Alas, it was not to be, and with a new leak-proof roof and a carefully crafted Certificate attesting to the eternal integrity of the Kingdome, we had to forego the anticipatory pleasure of contemplating our future observer ruminating on the meaning of history surrounded by our ancient stone-filled site---only to have it unceremoniously imploded to make way for an even grander and more lasting monument, accompanied subsequently by a yet more improbably pretentious and forbidding structure devoted almost exclusively to a dozen gladiatorial events annually.

But, as Ernest Lawrence Thayer so eloquently expostulated more than a century ago, hope springs eternal in the human breast.
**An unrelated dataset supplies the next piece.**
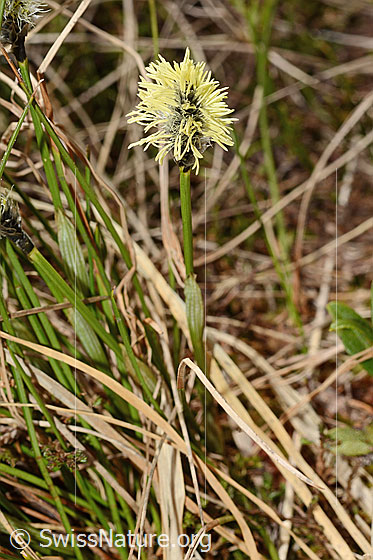 Photo: Probably Carex caryophyllea. Panicle and stem.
The Coliseum must be allowed to fall gracefully into ruin so that we can look forward with great pleasure to our future Gibbon casting a discerning eye over the grand spectacle before him where our gladiators contended, our politicians and lobbyists swarmed the basilicas of expensive luxury suites, where our rabblement hooted and clapp’d their chopp’d hands and threw up their sweaty night-caps and utter’d such a deal of stinking breath, and where our patricians outdid each other in the splendor of their regalia and their chariots; and where he can remind us anew, as Gibbon did among the stones of Rome, that history is little more than a register of the crimes, follies and misfortunes of mankind.

Perhaps with luck we may even be able to persuade some failed or failing firm such as Enron or General Motors to purchase the naming rights to such a lasting monument.